## INPUT MATERIAL
--------------------------------

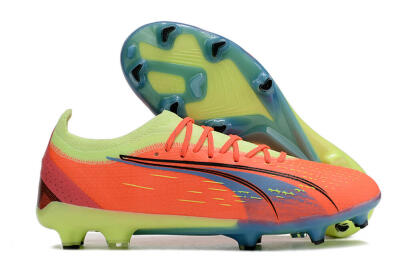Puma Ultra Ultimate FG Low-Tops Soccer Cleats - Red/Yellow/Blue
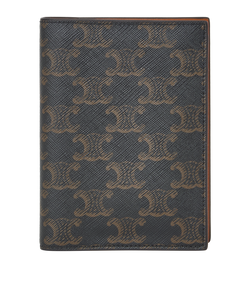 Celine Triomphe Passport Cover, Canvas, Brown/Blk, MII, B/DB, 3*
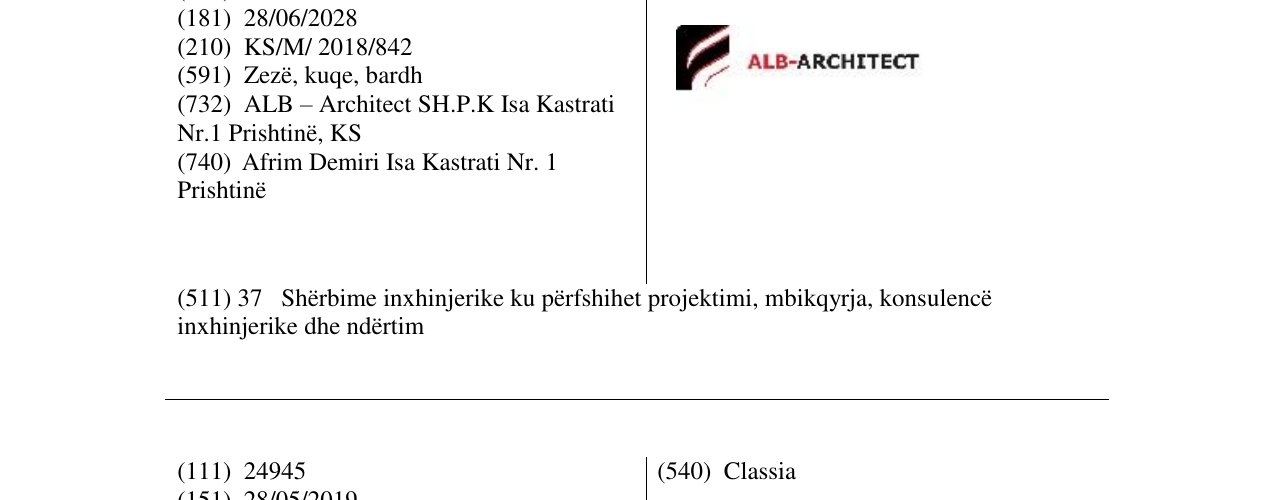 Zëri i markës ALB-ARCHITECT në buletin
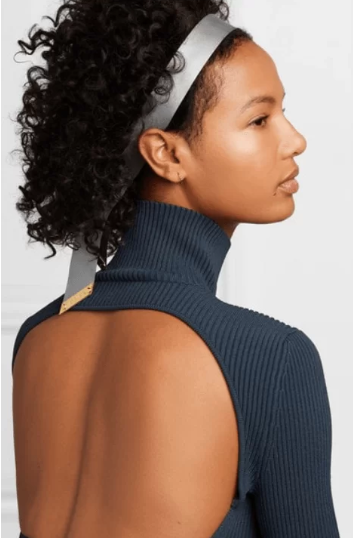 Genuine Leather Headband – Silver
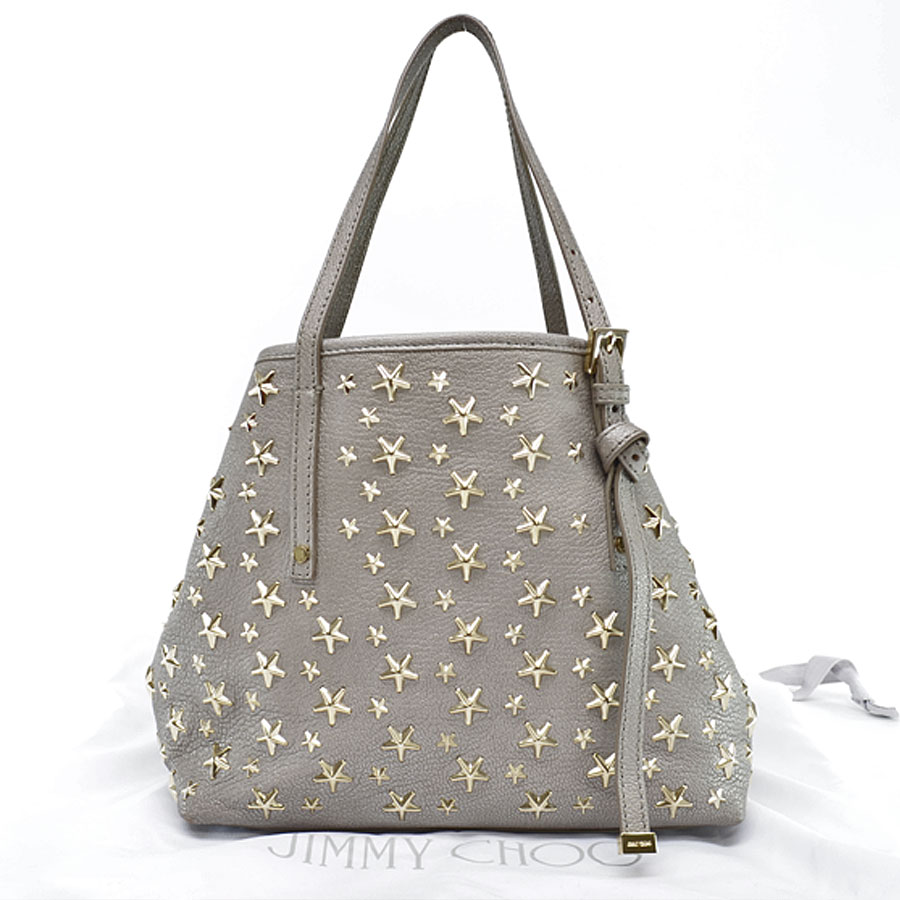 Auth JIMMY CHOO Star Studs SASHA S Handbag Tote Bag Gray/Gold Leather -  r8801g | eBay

--------------------------------

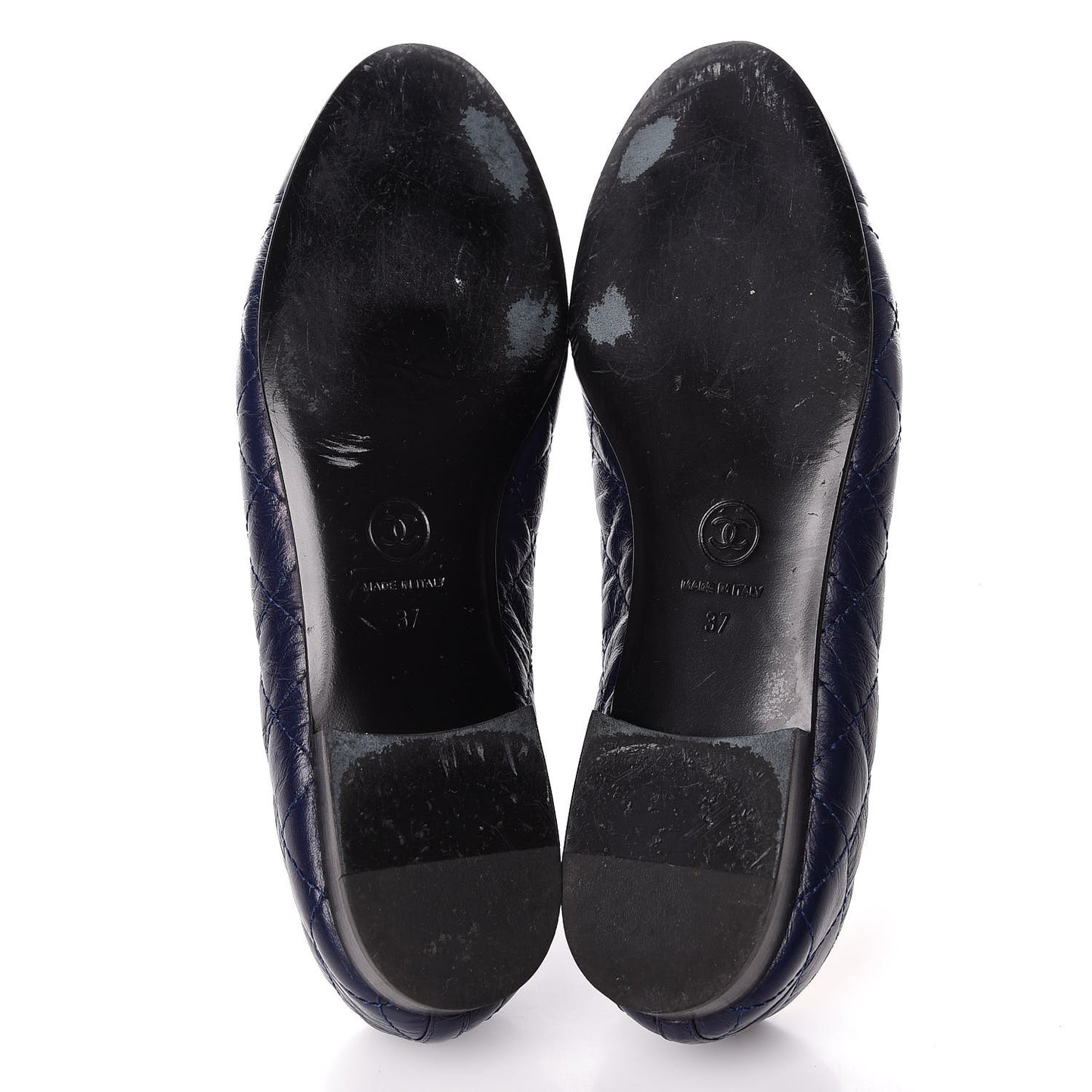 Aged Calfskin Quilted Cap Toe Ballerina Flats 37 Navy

--------------------------------

Work from the entries above. Set down exactly and only the lines from the line with "Puma Ultra Ultimate" to the line with "Auth JIMMY CHOO", both included, and leave the pictures out.

Puma Ultra Ultimate FG Low-Tops Soccer Cleats - Red/Yellow/Blue
 Celine Triomphe Passport Cover, Canvas, Brown/Blk, MII, B/DB, 3*
 Zëri i markës ALB-ARCHITECT në buletin
 Genuine Leather Headband – Silver
 Auth JIMMY CHOO Star Studs SASHA S Handbag Tote Bag Gray/Gold Leather -  r8801g | eBay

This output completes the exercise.